AI-MLFQ brings OS-level CPU scheduling primitives to LLM resource management. Assuming modern inference backends (e.g., vLLM) that support Continuous Batching and Paged KV Cache, we abstract a single LLM forward pass (generating "one" token) as an atomic compute quantum.
- Chunked Prefill & Decode: Tasks are processed in distinct phases. A single atomic tick computes either a chunk of 512 Prefill tokens or 1 Autoregressive Decode token.
- Preemption: Long-running generation tasks are preempted once they exhaust their high-priority time quantum.

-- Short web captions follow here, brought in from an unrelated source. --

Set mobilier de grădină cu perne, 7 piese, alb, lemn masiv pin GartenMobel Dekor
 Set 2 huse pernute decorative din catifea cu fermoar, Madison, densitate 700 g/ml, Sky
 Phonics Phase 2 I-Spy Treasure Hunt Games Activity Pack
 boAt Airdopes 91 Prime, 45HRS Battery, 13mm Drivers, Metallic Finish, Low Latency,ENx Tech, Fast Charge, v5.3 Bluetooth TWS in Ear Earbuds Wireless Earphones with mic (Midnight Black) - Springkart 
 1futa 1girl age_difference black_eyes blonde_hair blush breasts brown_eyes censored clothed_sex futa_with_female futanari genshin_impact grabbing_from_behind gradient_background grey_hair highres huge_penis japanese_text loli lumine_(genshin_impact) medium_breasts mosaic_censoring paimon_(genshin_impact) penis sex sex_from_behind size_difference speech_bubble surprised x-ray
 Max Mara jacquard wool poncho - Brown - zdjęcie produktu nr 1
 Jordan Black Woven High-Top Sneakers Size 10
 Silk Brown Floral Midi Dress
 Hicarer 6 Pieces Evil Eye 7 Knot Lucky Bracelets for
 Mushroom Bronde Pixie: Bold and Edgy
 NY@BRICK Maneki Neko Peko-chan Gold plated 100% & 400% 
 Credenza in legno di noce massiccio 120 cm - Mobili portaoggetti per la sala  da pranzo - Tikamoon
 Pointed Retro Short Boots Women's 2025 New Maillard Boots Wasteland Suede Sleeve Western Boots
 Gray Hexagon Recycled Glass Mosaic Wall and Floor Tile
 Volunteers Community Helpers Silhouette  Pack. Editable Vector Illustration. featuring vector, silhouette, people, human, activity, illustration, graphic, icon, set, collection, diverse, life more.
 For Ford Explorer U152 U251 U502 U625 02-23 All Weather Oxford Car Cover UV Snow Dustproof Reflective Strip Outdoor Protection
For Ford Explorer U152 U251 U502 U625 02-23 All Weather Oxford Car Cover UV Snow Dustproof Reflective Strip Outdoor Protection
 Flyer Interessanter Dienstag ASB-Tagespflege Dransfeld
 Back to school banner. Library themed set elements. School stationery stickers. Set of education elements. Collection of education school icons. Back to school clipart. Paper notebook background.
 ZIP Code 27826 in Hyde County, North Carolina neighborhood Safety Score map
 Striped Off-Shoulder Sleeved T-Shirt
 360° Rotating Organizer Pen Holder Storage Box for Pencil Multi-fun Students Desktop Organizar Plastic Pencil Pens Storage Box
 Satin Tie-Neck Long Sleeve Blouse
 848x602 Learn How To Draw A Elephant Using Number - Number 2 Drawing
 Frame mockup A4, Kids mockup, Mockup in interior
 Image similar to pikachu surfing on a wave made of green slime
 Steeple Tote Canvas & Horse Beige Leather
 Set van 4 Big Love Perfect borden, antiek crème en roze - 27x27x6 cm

- Memory-Aware Eviction: LLM context switching requires massive PCIe transfers (HBM ↔ Host DRAM). Our simulator actively tracks active KV Cache tokens and enforces PCIe I/O penalties when VRAM bounds are breached.
- Compute-I/O Overlap: While evicted tasks serve their PCIe penalty, the GPU's Streaming Multiprocessors (SMs) immediately execute the next Q0 task, keeping utilization at 100%.
📖 Deep Dive: For a rigorous breakdown of how our variables map to real-world hardware (Tick duration, H100 VRAM limits, and PCIe bandwidth maths), read the DESIGN.md.
👁️ Trace-Based WebUI Visualizer
To truly understand the VRAM thrashing dynamics, the simulator outputs a downsampled trace.json file. Serve the web/ directory to launch a dark-mode ECharts dashboard. It provides a scrubber to replay the exact moments of VRAM saturation, showing Stacked Area Charts of Queue Depths and KV Cache footprints.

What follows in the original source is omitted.